All the columns have 294478 non-null values. Hence, no row has missing values.

`2.` For the rows where **treatment** does not match with **new_page** or **control** does not match with **old_page**, I cannot be sure if this row truly received the new or old page.

a. As the number of rows that mismatch (3893) are a small sample out of 294478 total rows, I will delete the rows which mismatch and store the new dataframe in **df2**.

In [10]:
df2 = df.drop(mismatch1.index)
df2 = df2.drop(mismatch2.index)

In [11]:
df2.shape

(290585, 5)

In [12]:
# Double Check all of the correct rows were removed - this should be 0
df2[((df2['group'] == 'treatment') == (df2['landing_page'] == 'new_page')) == False].shape[0]

0

`3.` Analyzing the dataframe **df2**

a. Number of unique **user_id**s are in **df2**

In [13]:
df2['user_id'].nunique()

290584

b. One **user_id** repeated in **df2**

In [14]:
df2[df2['user_id'].duplicated()]

Unnamed: 0,user_id,timestamp,group,landing_page,converted
2893,773192,2017-01-14 02:55:59.590927,treatment,new_page,0


c. Row information for the repeat **user_id**

In [15]:
df2[df2['user_id'].duplicated(keep=False)]
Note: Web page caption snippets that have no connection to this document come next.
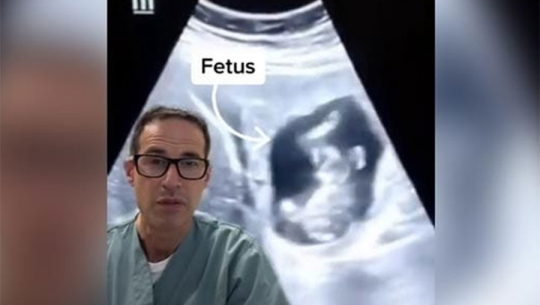 जब महिलाको कलेजोमा बच्चाको भ्रूण देखियो !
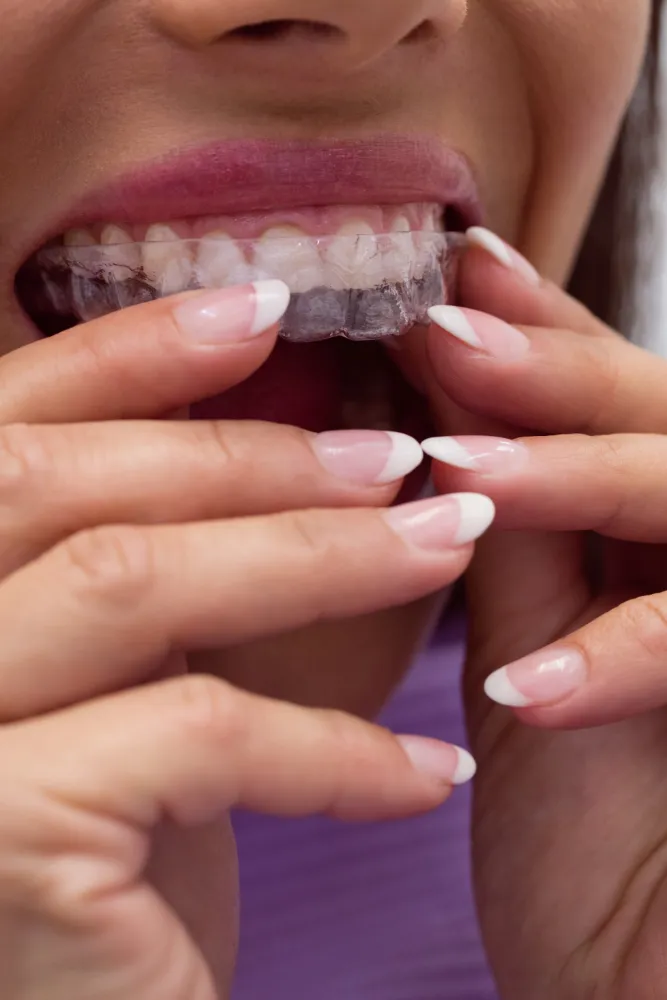 ortodoncia en talavera de la reina centro dental creta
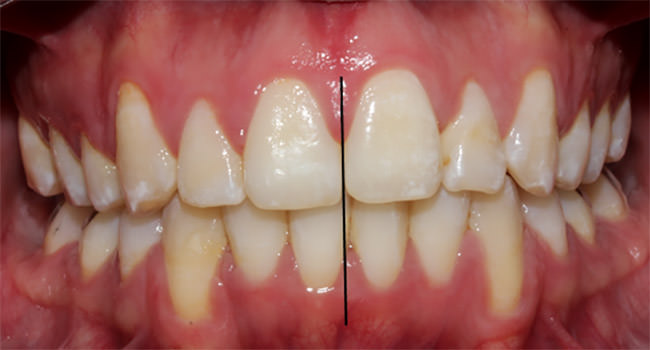 Fig.14 Intraoral frente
Unnamed: 0,user_id,timestamp,group,landing_page,converted
1899,773192,2017-01-09 05:37:58.781806,treatment,new_page,0
2893,773192,2017-01-14 02:55:59.590927,treatment,new_page,0


d. I remove **one** of the rows with a duplicate **user_id**

In [16]:
df2 = df2.drop(2893)

In [17]:
df2.shape #to check no. of rows in df2

(290584, 5)

`4.` Calculating the summary statistics and probability

a. Probability of an individual converting regardless of the page they receive

In [18]:
df2['converted'].mean()

0.11959708724499628

b. Conditional probability that the individual converted given that an individual was in the `control` group

In [19]:
df2.query('group == "control"')['converted'].mean()

0.1203863045004612

c. Conditional probability that the individual converted given that an individual was in the `treatment` group

In [20]:
df2.query('group == "treatment"')['converted'].mean()

0.11880806551510564

d. Probability that an individual received the new page

In [21]:
df2.query('landing_page == "new_page"')['user_id'].count()/df2.shape[0]

0.50006194422266881

e. Based on your results from parts (a) through (d) above, is sufficient evidence to conclude that the new treatment page leads to more conversions?
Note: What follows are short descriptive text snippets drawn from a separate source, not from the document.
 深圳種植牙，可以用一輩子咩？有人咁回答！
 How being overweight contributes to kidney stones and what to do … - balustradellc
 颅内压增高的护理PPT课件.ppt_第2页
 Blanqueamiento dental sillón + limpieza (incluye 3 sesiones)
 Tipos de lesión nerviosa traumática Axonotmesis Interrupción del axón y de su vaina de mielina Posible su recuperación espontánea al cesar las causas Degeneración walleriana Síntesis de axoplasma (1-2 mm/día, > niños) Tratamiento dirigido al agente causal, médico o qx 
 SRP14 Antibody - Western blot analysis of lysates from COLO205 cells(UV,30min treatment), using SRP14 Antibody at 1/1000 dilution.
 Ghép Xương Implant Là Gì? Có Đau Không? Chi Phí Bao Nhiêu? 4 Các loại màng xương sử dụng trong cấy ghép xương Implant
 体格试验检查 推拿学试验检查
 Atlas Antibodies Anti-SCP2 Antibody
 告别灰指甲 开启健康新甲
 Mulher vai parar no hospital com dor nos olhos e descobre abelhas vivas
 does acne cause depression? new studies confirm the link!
There is **not sufficient** evidence to conclude that the new treatment page leads to more conversions.

The probability that the individual receives new page is 50%. This means there is a an equal probability whether the individual could receive an old page or new page.
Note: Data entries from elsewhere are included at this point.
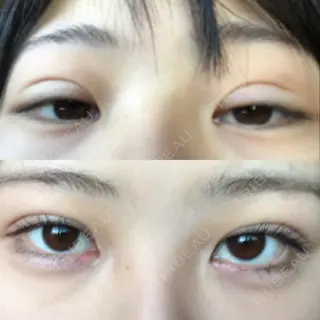 8日目の経過画像（3枚目）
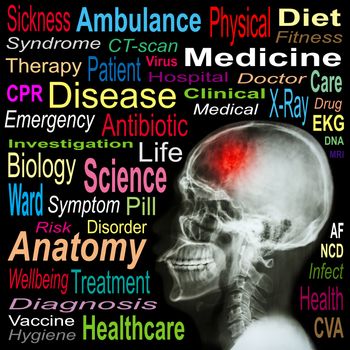 X-ray skull and "Stroke" and Medical word cloud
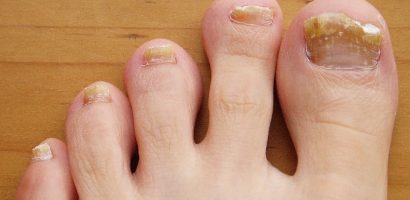 Toenail Fungus – Causes, Treatment and Prevention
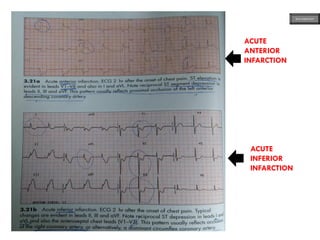 ACUTE
ANTERIOR
INFARCTION
ACUTE
INFERIOR
INFARCTION
ECG MADE EASY
 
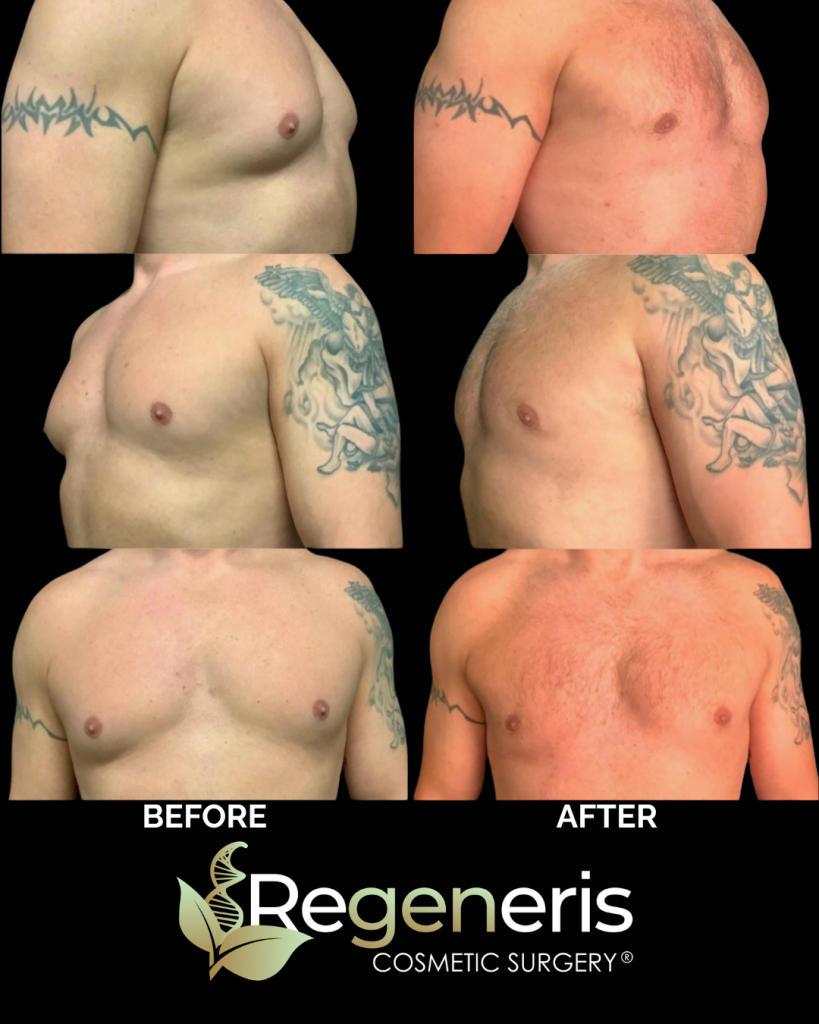 Before and after gynecomastia chest sculpting at multiple angles showing flattened chest contour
The probability of an individual converting regardless of the page they receive is 11.96%. The probability of converting given the individual received the new page (treatment group) is 11.88%. This probability is marginally less than the probability of individual converting given they received the old page (control group) which is 12.04%.

Hence, it seems that the new page did not make any difference to the conversion rate of individuals.